Would you believe my husband, Jay, helped win World War II? In a small way, you understand. After all, he was just a kid living in Brooklyn.
It was 1943, wartime, and his father was forever talking about how evil Hitler was and why people must stand up to the Nazis. His father was air raid warden for their block on Avenue M, making sure that everyone’s blackout shades were pulled down when the sirens screamed at night.
Jay had a big map of Europe on the wall of his bedroom, and he used map pins to plot the advance of allied troops. He wrote away to Boeing, Grumman, and Lockheed who sent him photographs—in color—of their fighter planes. He tacked those pictures on the walls too. From the ceiling he hung his model airplanes. Sometimes he went up on the roof of his apartment building with his buddies, Jerry and Howie, to look for enemy airplanes. They never spotted any.

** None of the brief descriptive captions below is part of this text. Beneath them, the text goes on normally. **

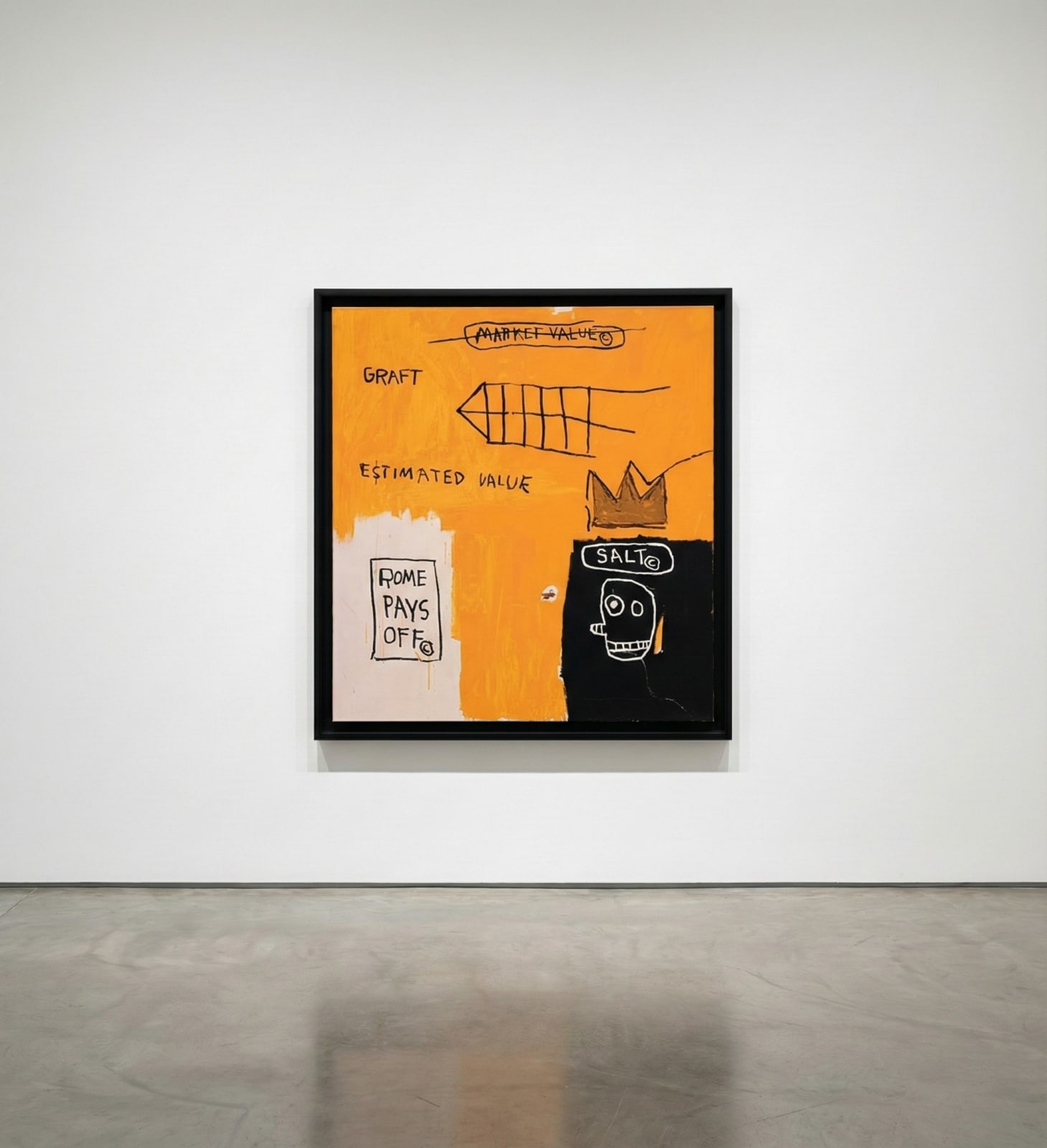 Jean-Michel Basquiat, Rome Pays Off, from Portfolio II, 1982-2004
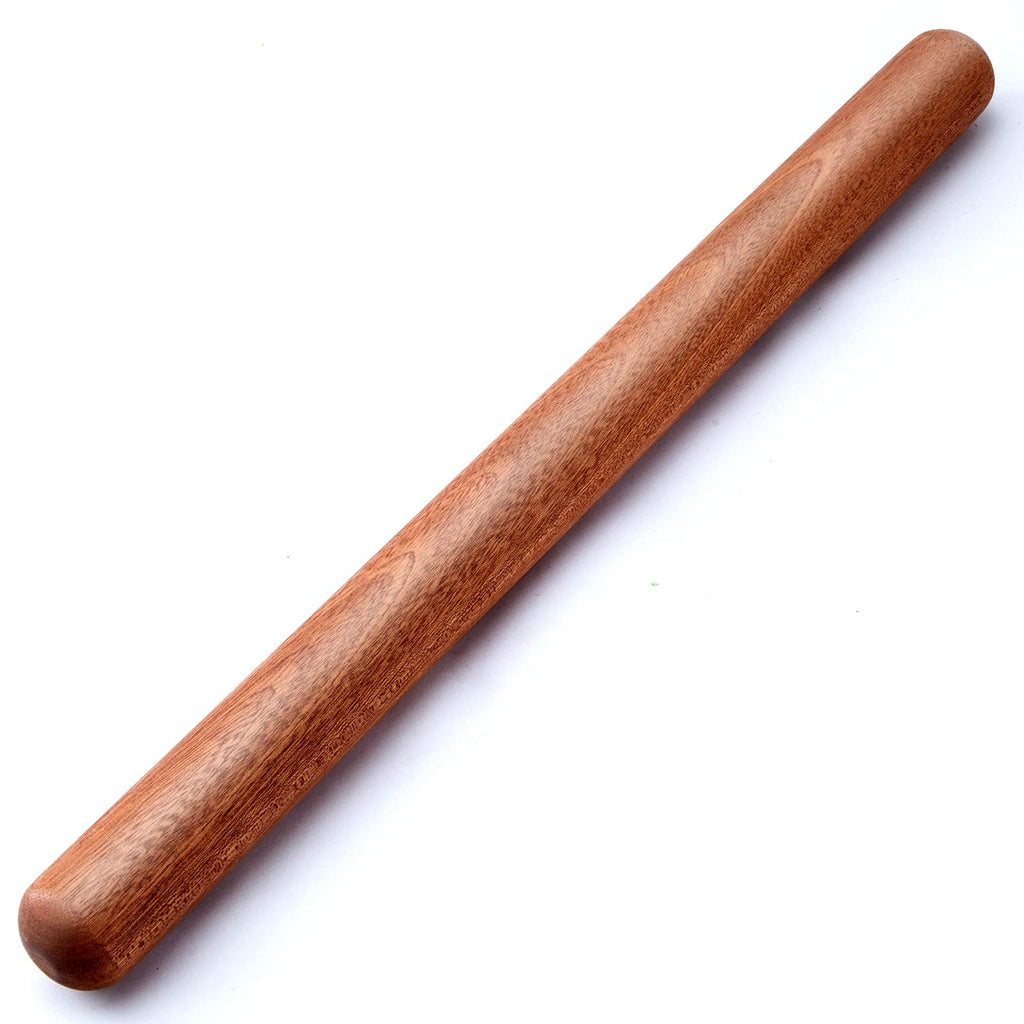 AISOSO Rolling Pins for Baking, 15.75 Inches Wooden Rolling Pin with Handles, Classic Nonstick Dough Roller for Fondant Pizza Pie Crust Cookie Pastry, Kitchen Baking Essentials, Light Yellow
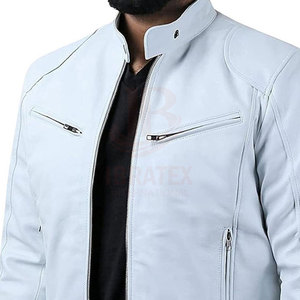 Factory Direct Supplier Pakistan Manufacturer Best Selling New Stylish OEM Service Breathable Men Leather <b>Jackets</b> Sale IBRATEX - Product Image 4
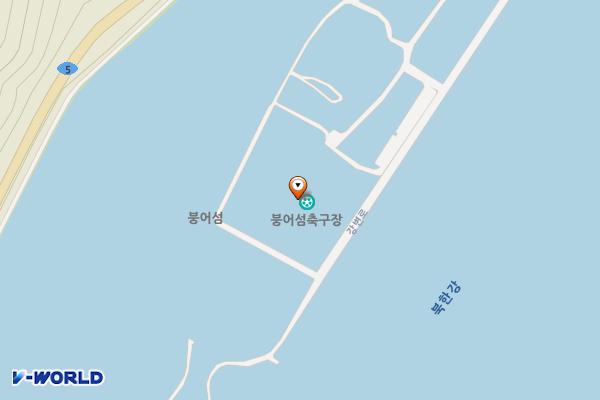붕어섬축구장 위치 지도 — 강원특별자치도 화천군 화천읍 하리190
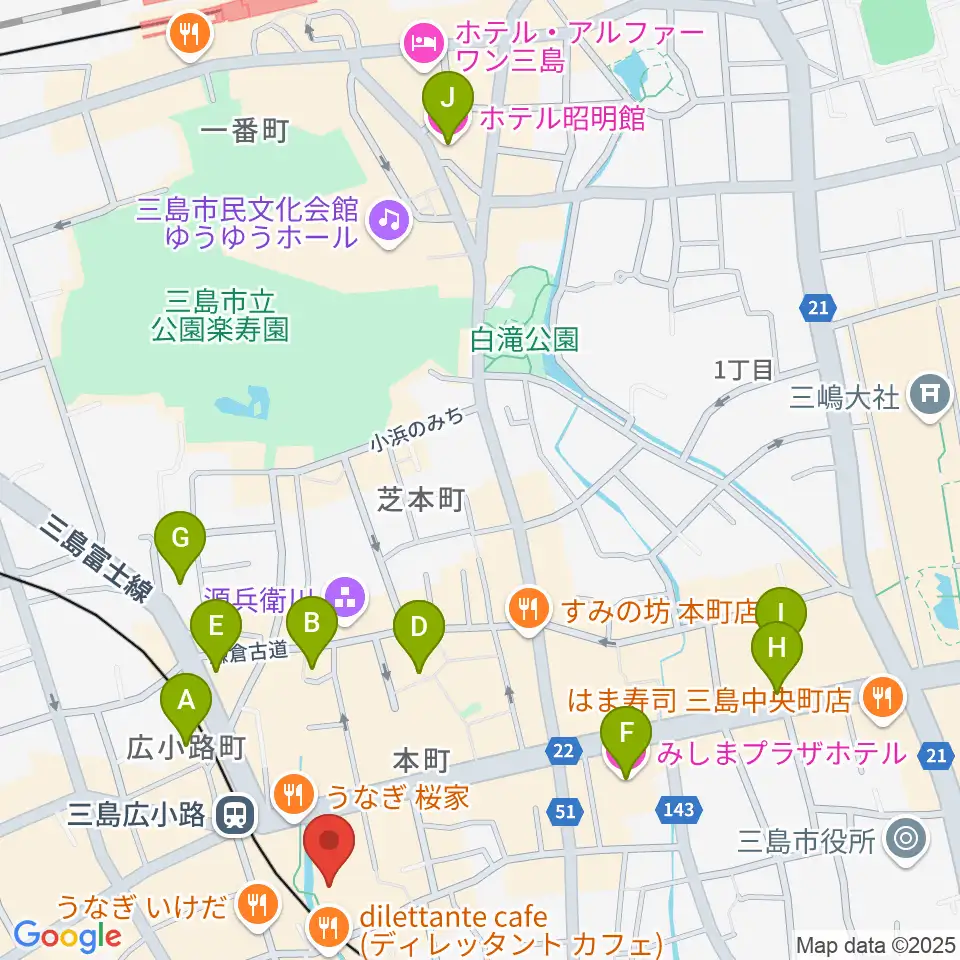 常林寺 白瀧観音堂ホール周辺のホテル一覧地図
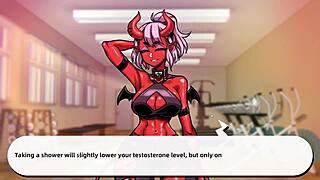 Check out lewd gym episode 1 with succubus blowjob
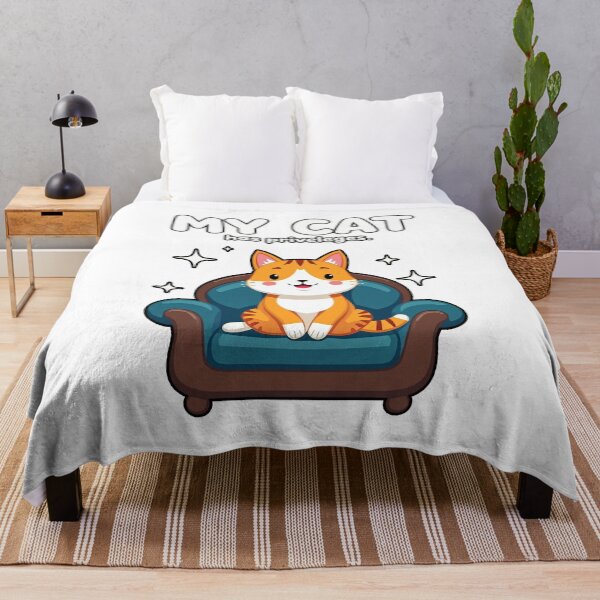 Item preview, Purr-fect Privileges: Tabby Throne designed and sold by hmadan.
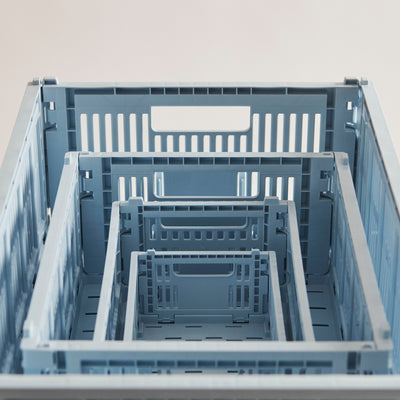 Storage Crates - Soft Blue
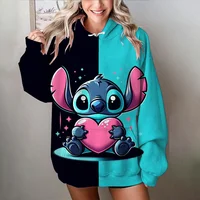 MINISO Women Disney Sweater Stitch Printed Sweatshirts Cute Cartoon Jacket Clothes Hoodie Woman Autumn/Winter Oversize Clothing 1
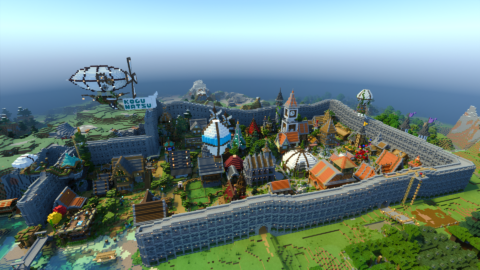 城の城壁をディティールアップ！外観はかなり完成形に近づいた？その67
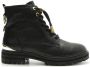 Mexx Felicity Veterboots Laarzen Met Veters Dames Zwart - Thumbnail 2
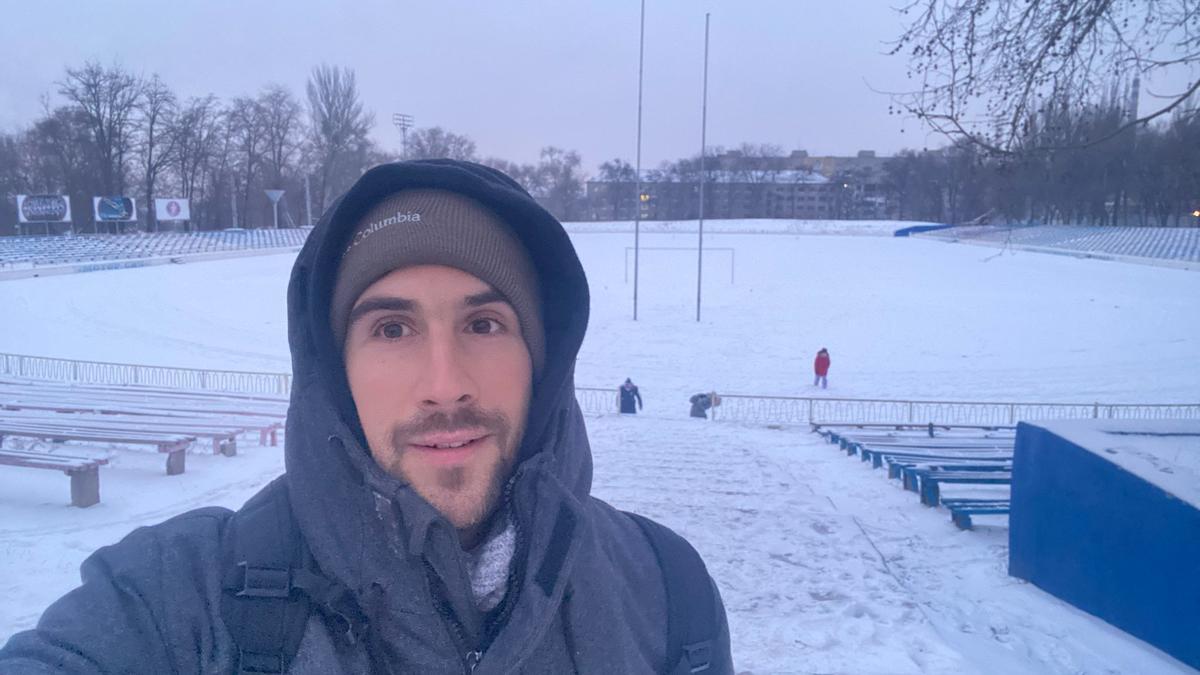 Carlos Molina, jugador de balonmano que vive en Zaporizhye (Ucrania).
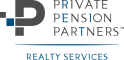 the private pension partnership logo with the words private pensions and the reality services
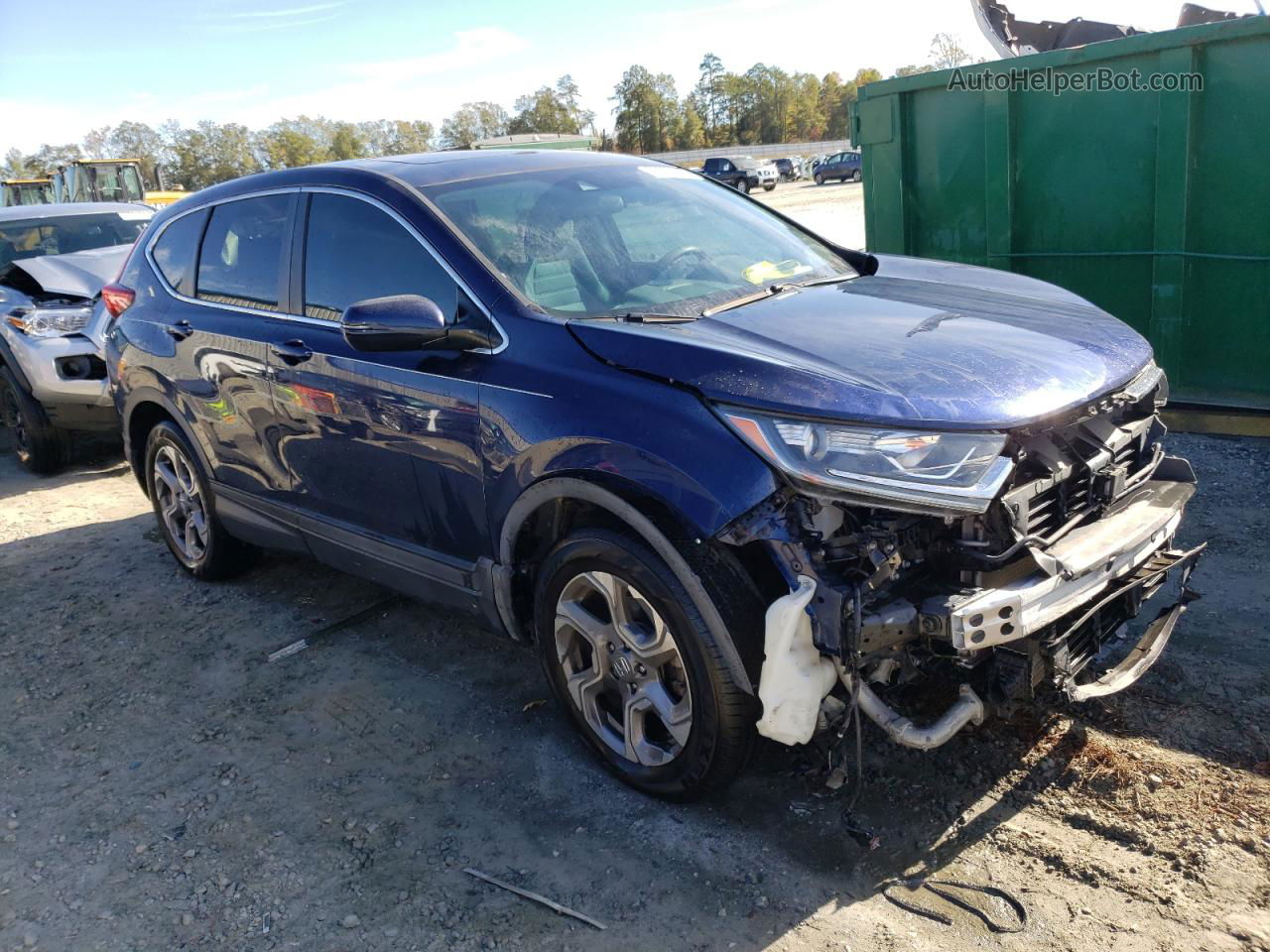 2018 Honda Cr-v Ex Blue vin: 5J6RW2H55JL006520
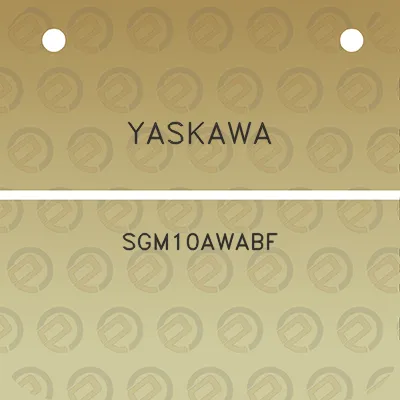 yaskawa-sgm10awabf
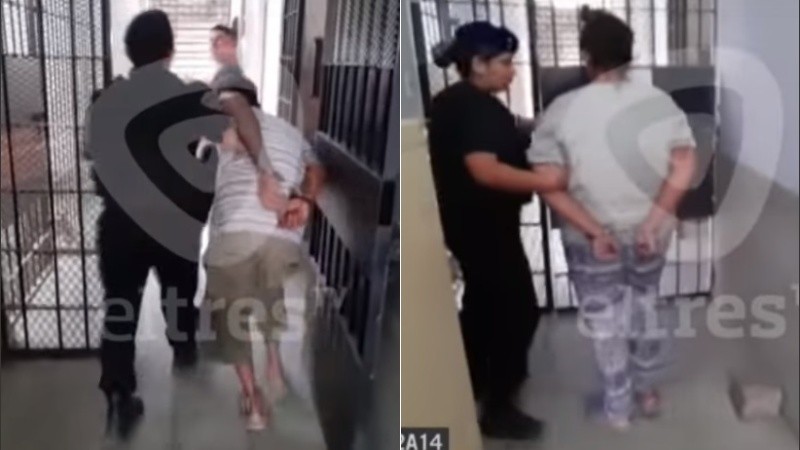 El hombre y la mujer detenidos e imputados por el hecho.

One day in his school, PS 197, Jay saw a poster that said, as near as he remembers now,
Serve your country!
Work on a farm so a farm boy can fight overseas.
Join the Farm Cadet Victory Corps!
The words rolled off his tongue. Farm Cadet Victory Corps. He imagined himself working hard all day long in the hot sun—serving his country. He would come home tanned and strong. Strong enough, come to think of it, to try out for football in the fall.
At home, he laid out his plans for the summer to his mother.
“I’ll be helping my country!”
His mother barely looked up. “So maybe you should begin by helping your mother? I need you to get bread from the bakery. Besides, where would we get the money for your summer vacation?”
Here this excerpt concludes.